**EXERCISE REQUIREMENTS:** Return, with both end lines included, exactly what the data below holds from the line with "Kệ sách 5 tầng" through the line with "Captura de pantalla", though not the pictures.

**STORED DATA:**
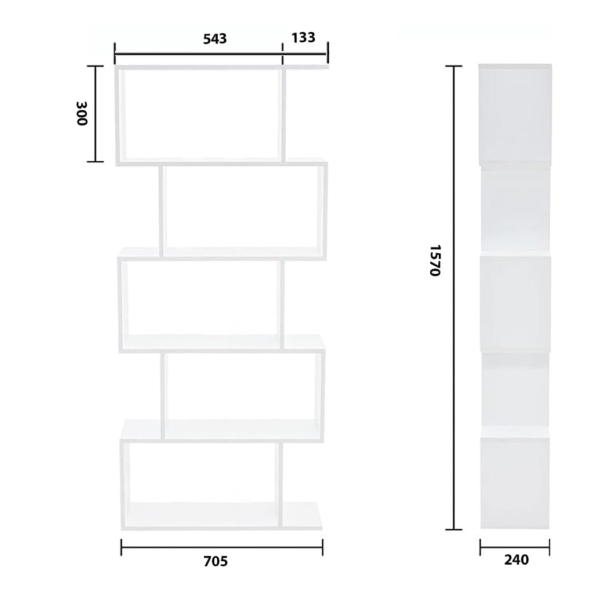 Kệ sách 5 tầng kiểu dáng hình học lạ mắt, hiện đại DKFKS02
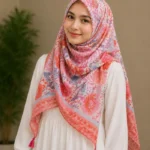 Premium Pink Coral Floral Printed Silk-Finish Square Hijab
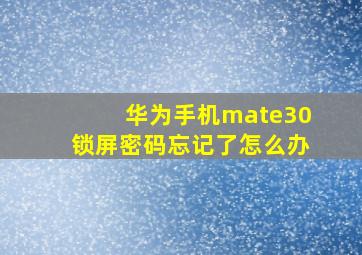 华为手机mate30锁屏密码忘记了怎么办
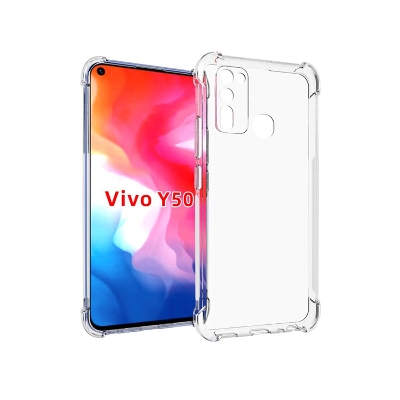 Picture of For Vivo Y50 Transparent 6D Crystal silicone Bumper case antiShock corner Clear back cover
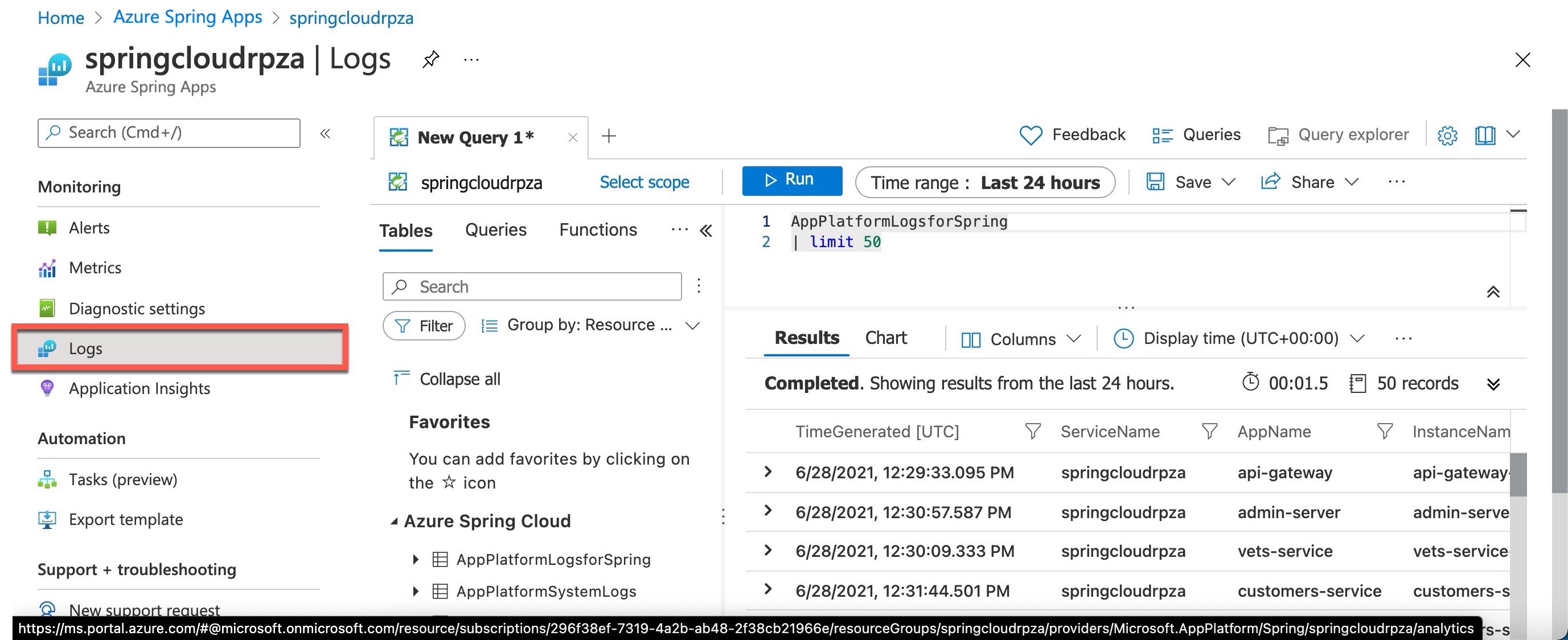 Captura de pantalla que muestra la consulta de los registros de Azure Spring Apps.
* * *
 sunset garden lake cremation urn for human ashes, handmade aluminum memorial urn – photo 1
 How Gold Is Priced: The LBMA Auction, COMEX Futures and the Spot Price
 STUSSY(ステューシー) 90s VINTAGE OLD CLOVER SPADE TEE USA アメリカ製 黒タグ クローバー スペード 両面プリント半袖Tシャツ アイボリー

**REPLY:**
 Kệ sách 5 tầng kiểu dáng hình học lạ mắt, hiện đại DKFKS02
 Premium Pink Coral Floral Printed Silk-Finish Square Hijab
 华为手机mate30锁屏密码忘记了怎么办
 Picture of For Vivo Y50 Transparent 6D Crystal silicone Bumper case antiShock corner Clear back cover
 Captura de pantalla que muestra la consulta de los registros de Azure Spring Apps.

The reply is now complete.